His personal baggage also provided backbone to one of the primary thematic elements of the film, and that was the centuries-old struggle of African Americans for equality. Killmonger is a symptom in the disease that has afflicted that portion of the population, in that he grew up fatherless which embittered him as an adult. Adding to that bitterness was the conclusion that there were people who could have helped him and those like him, but did not. Unfortunately, Killmonger misunderstands his own strength. He used his bitterness to motivate himself to make something of himself, so that he didn’t need help from anyone else. He saw that there were others who got head starts, and he trained himself extra hard in order to make up the difference and ultimately pass those who started out ahead of him, and that’s one of the things that makes his story so tragic. Killmonger had the ability and strength to be anything that he wanted to be, but his bitterness and anger were weaknesses that he could not overcome. That makes Killmonger one of the deepest and most complex characters in the entire Marvel pantheon.
And now, here comes the “but”. My problem with Black Panther, and indeed many of the Marvel films, is that they’re wide, but they’re shallow.

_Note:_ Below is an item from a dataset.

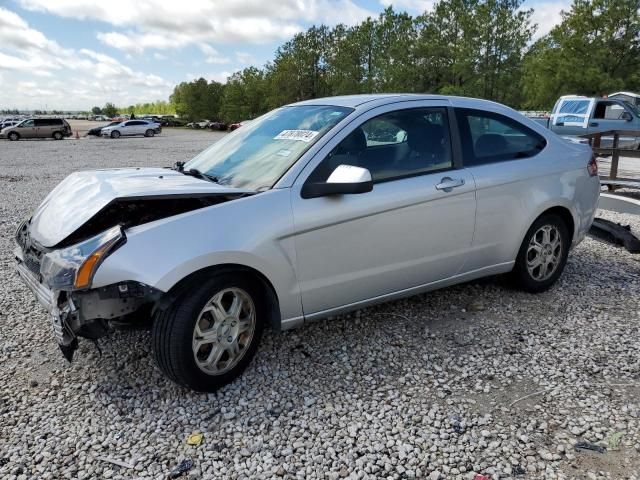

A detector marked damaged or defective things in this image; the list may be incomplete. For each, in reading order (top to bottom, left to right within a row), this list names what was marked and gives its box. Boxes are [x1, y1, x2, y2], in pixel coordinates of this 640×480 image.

Whether it’s the directors of the films or the studio executives pulling the strings, there is always a lot of stuff crammed into each one of these films so we’re not able to dive into anything. There is very little depth in any Marvel film. Some of the Marvel films and characters like Captain America, David Banner/The Hulk, Peter Quill/Starlord, and Thor do have some depth. The surface is scratched a little deeper so that we as the audience are allowed some semblance of an emotional connection, but beyond that, there is very little in these films to become attached to. Marvel movies tend to be little more than eye-candy. I understand that the formula is working quite well for them, and that a lot of people continue to go and see their films and those films are practically printing their own money.
What the lack of depth will do, however, is it will cause many of these films go be forgotten over time. It’s already difficult to remember what events happened in which films. That’s a consequence of cramming so much material into each film. The films themselves become diluted. They’re as entertaining as they possibly can be, but stories are at their most effective when they evoke an emotional reaction from the viewer. I’ve watched many action films where I care about what happens and am emotionally affected by what happens in the story. I can think of a grand total of one time that happened in a Marvel movie, and it was in Black Panther and it was a scene with Killmonger.
Killmonger’s last scene, and in fact his last line of dialogue, give us such an emotional catharsis. I would love to see Marvel give us a film with half the characters of a typical Marvel film, and half to subplots, locations and action sequences. I would be happier to have fewer things to keep track of if it meant that we could take a deeper dive into what was left. That would be a lot more interesting and fewer components would also be a lot more memorable.
While not a perfect film, Black Panther should be applauded for attempting to do things that other Marvel films have not. Hopefully, the executives at Marvel and Disney will see that there is an appetite for thoughtfulness and emotions. I would tell them to give us more characters like Killmonger, who have the kind of depth that opens up thematic components to the stories and situations that will make us think and feel rather than just watch and react.